THE PROBLEM>
With the pictures left out, return exactly the lines from the one containing "Thumbnail: 2020 Nissan Altima - 9" through the end of the listing below.

—————

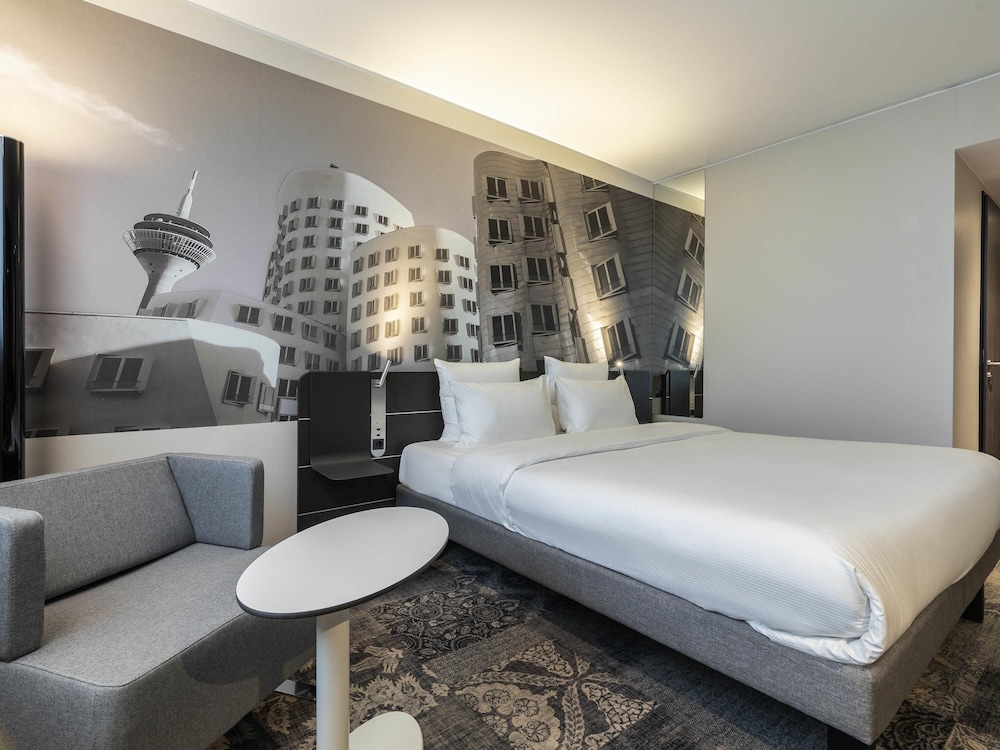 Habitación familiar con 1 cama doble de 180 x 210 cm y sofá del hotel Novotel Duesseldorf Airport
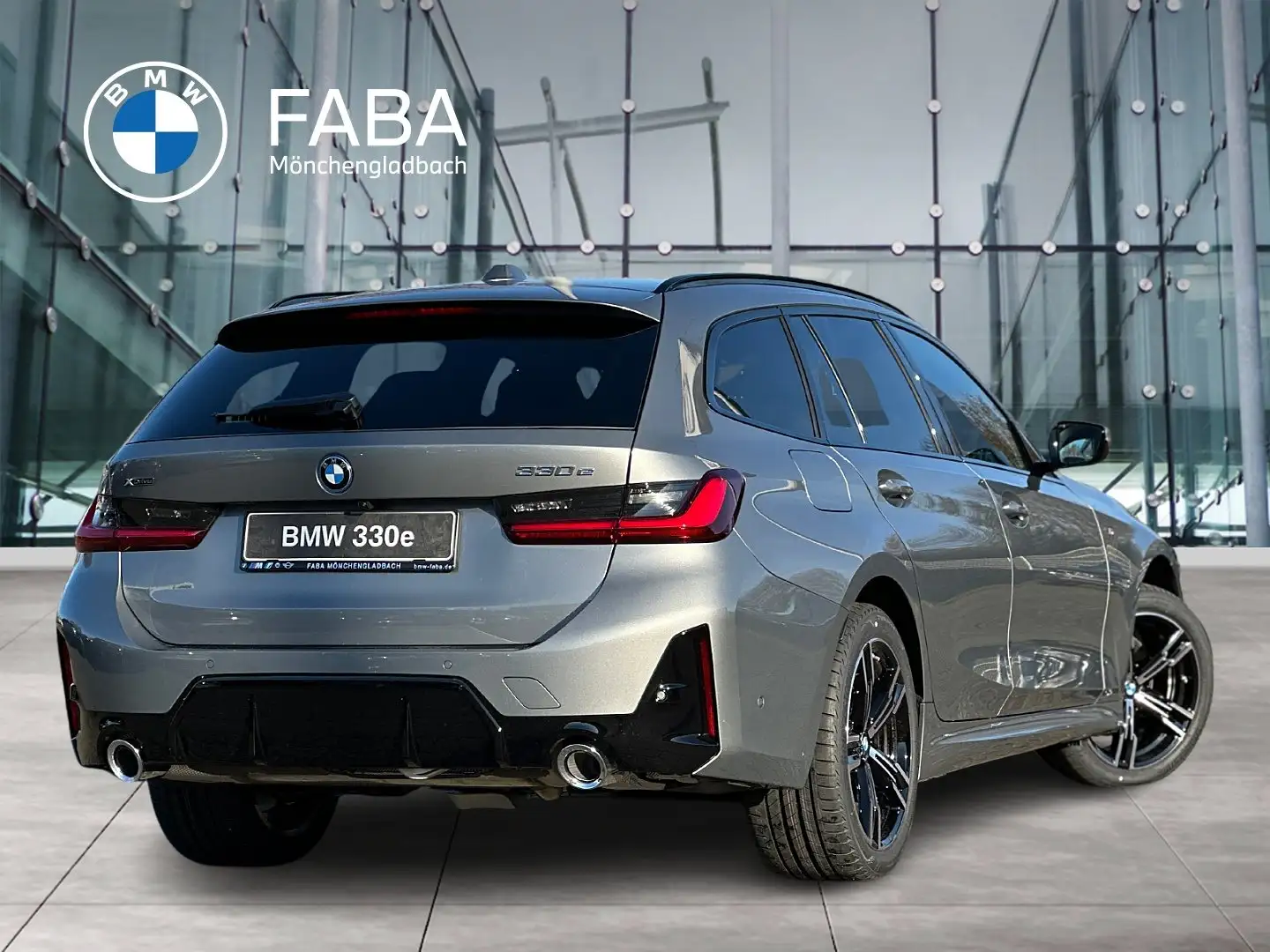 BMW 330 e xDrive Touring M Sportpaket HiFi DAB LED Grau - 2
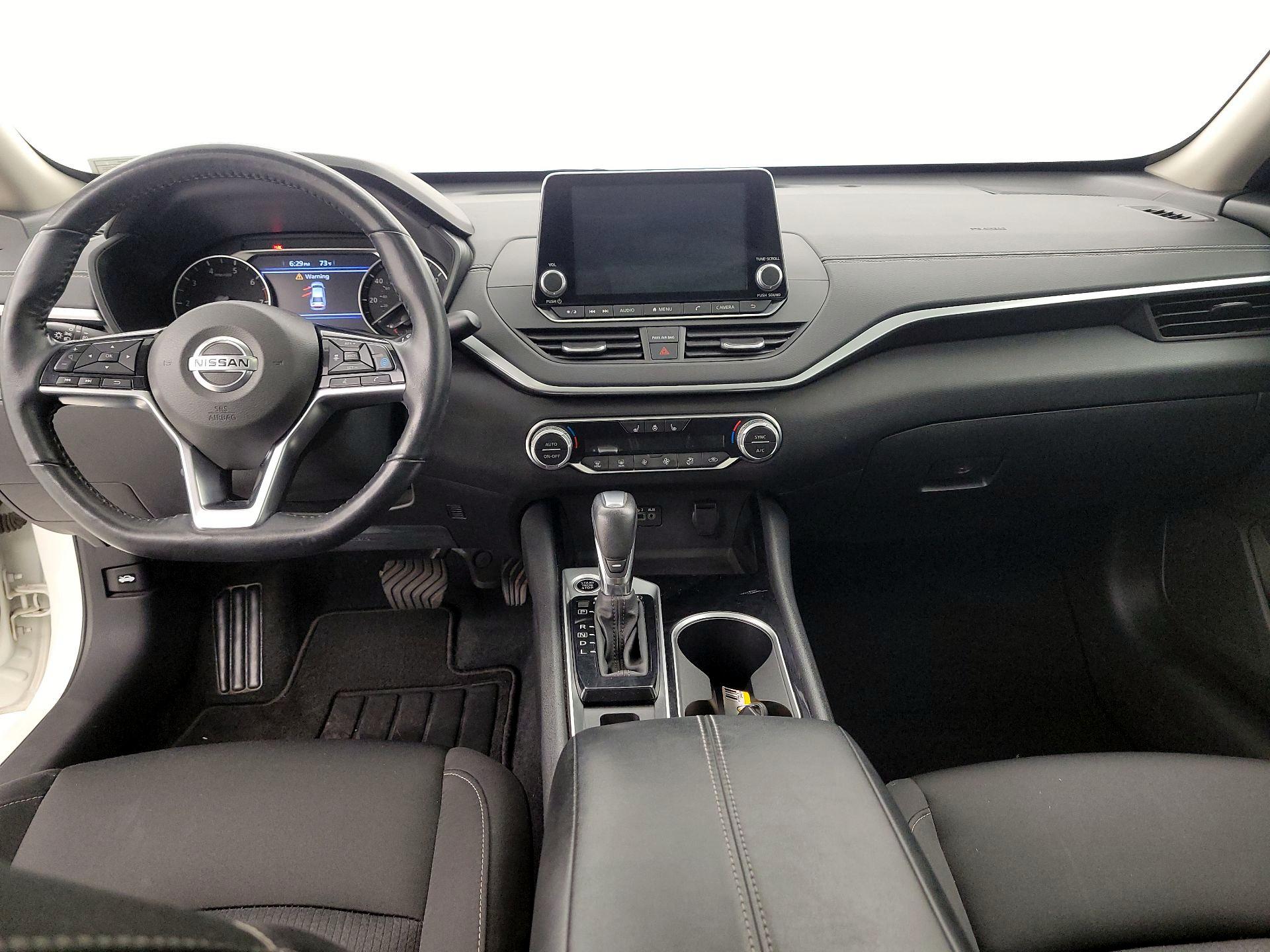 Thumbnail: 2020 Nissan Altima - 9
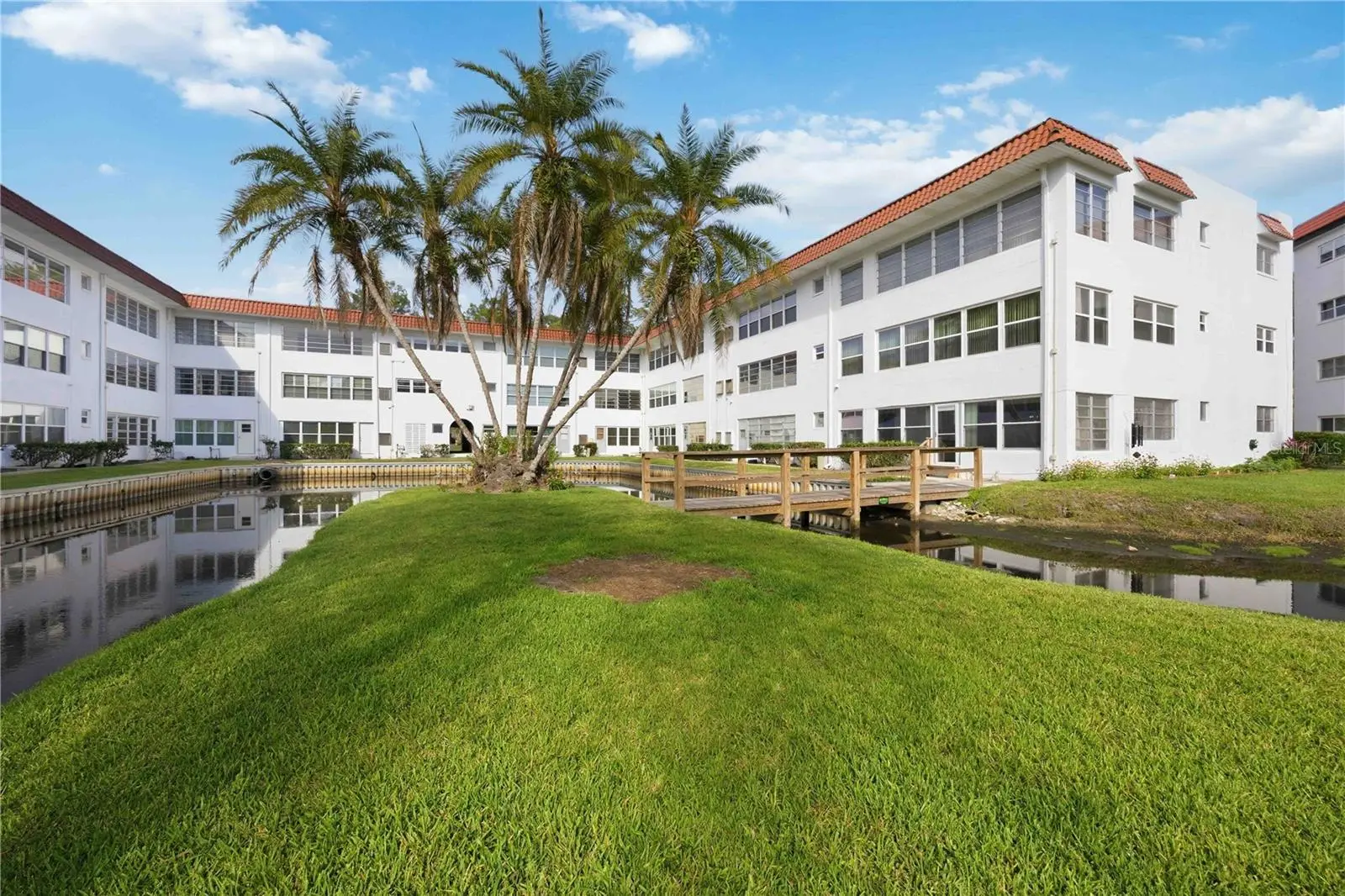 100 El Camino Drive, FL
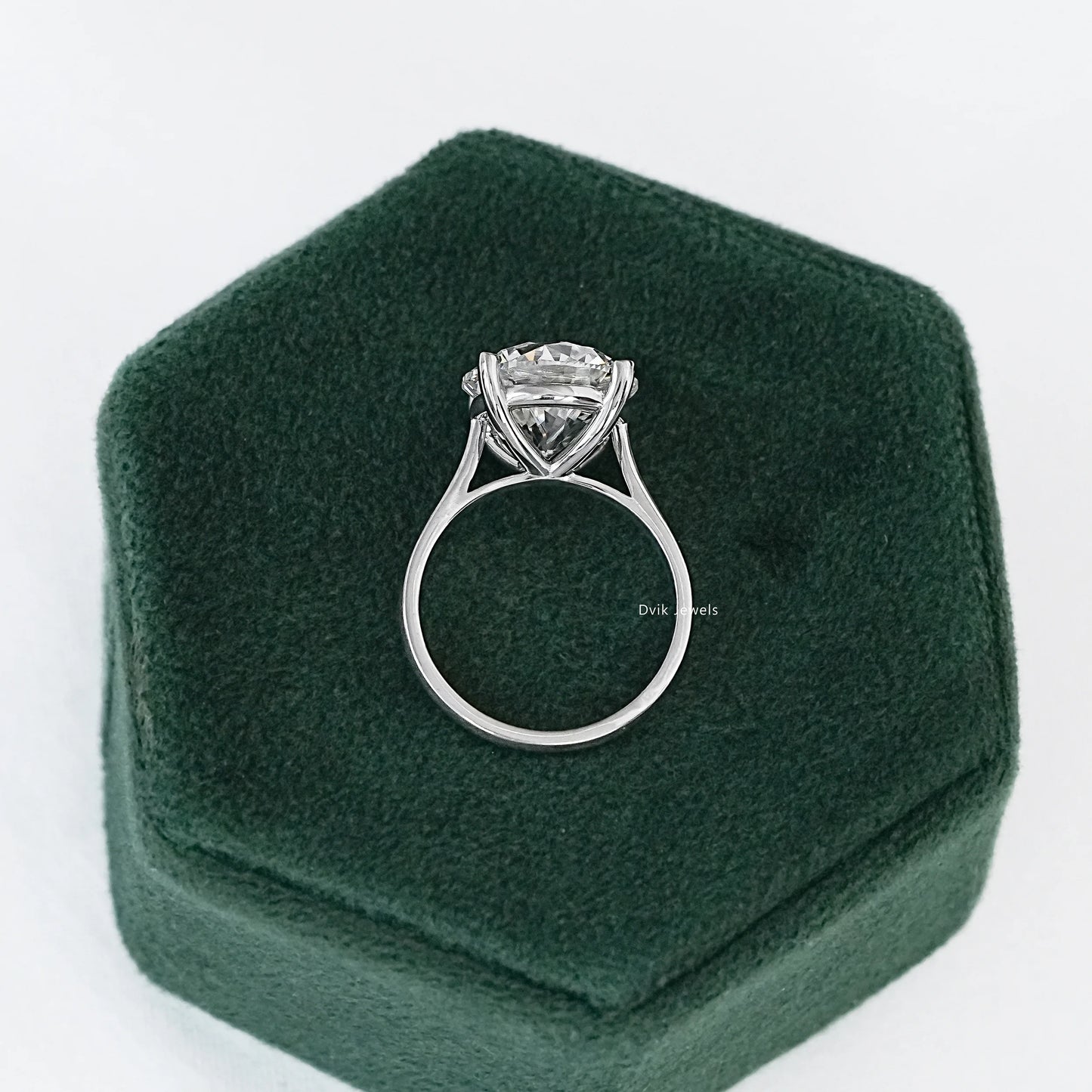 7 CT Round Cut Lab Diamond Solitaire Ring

—————

RESULT>
 Thumbnail: 2020 Nissan Altima - 9
 100 El Camino Drive, FL
 7 CT Round Cut Lab Diamond Solitaire Ring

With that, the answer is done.